#### PROBLEM DESCRIPTION
Scan the entries below for the word "Leather" and copy every line where it turns up.

********************

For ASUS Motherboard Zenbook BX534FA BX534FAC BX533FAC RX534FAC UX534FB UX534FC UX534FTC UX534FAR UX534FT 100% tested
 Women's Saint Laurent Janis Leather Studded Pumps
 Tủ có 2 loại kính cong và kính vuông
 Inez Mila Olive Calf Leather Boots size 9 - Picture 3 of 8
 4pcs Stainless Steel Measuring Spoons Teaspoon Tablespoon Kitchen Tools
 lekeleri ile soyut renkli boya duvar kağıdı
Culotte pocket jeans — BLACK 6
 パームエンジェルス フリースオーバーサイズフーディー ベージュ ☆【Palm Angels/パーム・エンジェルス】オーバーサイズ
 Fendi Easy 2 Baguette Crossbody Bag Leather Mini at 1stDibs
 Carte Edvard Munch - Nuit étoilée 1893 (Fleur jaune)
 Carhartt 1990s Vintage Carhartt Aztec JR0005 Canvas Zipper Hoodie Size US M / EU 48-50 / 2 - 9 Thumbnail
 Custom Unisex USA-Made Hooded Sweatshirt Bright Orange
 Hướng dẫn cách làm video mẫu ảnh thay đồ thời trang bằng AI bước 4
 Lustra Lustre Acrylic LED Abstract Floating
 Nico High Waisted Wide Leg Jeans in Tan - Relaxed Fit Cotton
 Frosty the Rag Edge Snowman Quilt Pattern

********************

#### ANSWER BOX
 Women's Saint Laurent Janis Leather Studded Pumps
 Inez Mila Olive Calf Leather Boots size 9 - Picture 3 of 8
 Fendi Easy 2 Baguette Crossbody Bag Leather Mini at 1stDibs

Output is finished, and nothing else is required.